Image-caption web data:

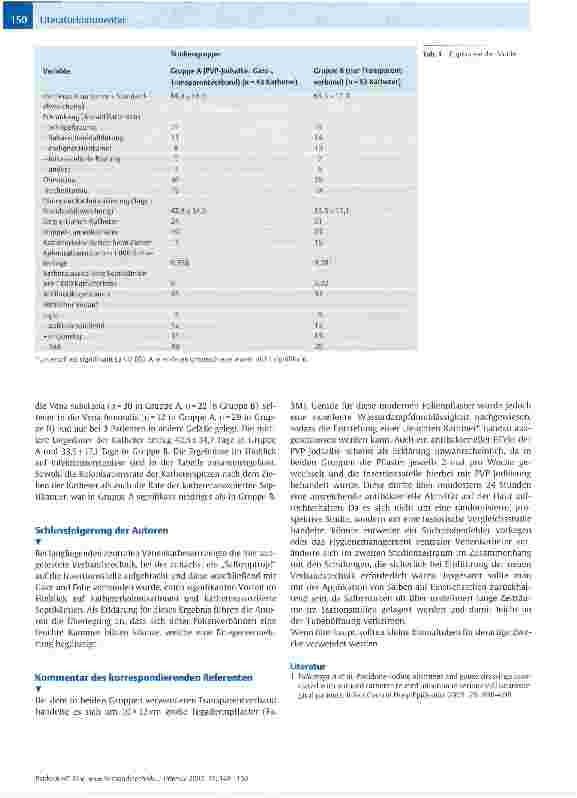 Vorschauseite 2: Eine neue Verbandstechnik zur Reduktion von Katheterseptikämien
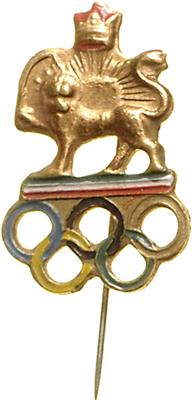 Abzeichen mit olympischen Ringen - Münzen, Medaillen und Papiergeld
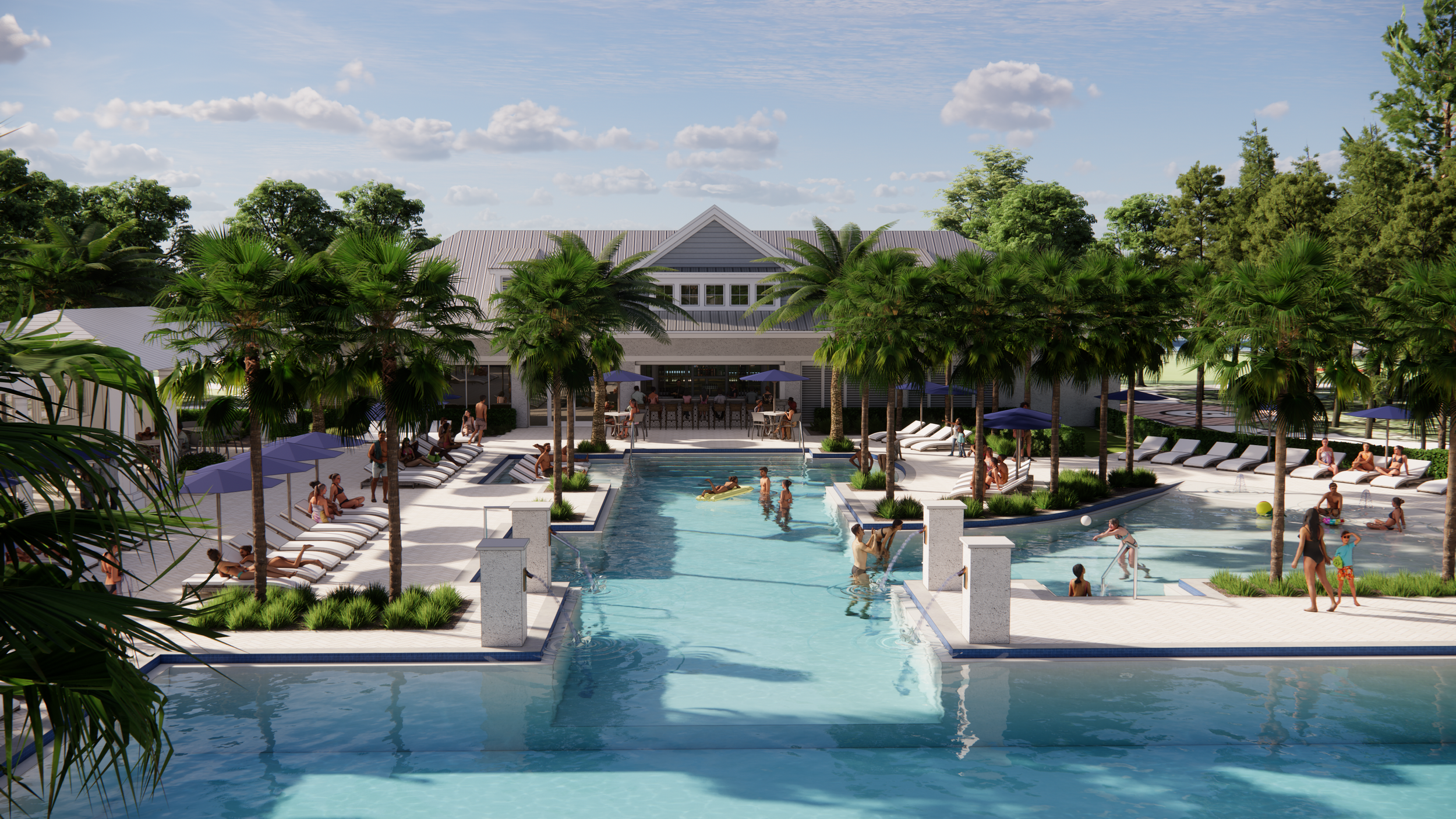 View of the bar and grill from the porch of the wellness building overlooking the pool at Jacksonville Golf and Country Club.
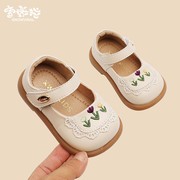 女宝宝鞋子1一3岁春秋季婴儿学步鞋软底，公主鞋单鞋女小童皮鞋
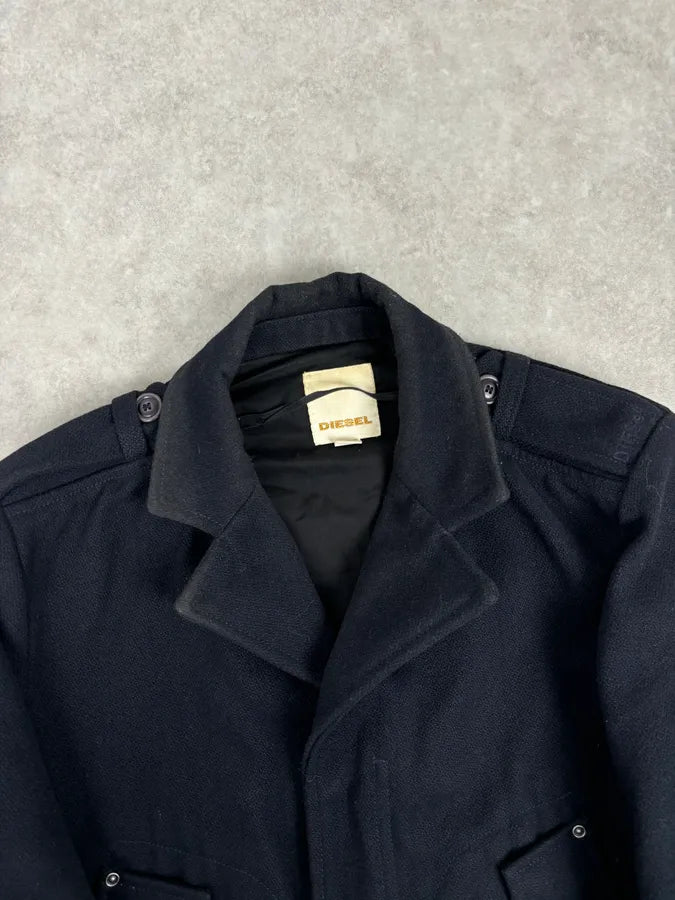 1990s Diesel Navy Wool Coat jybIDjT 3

What you need to do: Each record above must be retyped exactly. Omit the pictures.

Solution:
 Vorschauseite 2: Eine neue Verbandstechnik zur Reduktion von Katheterseptikämien
 Abzeichen mit olympischen Ringen - Münzen, Medaillen und Papiergeld
 View of the bar and grill from the porch of the wellness building overlooking the pool at Jacksonville Golf and Country Club.
 女宝宝鞋子1一3岁春秋季婴儿学步鞋软底，公主鞋单鞋女小童皮鞋
 1990s Diesel Navy Wool Coat jybIDjT 3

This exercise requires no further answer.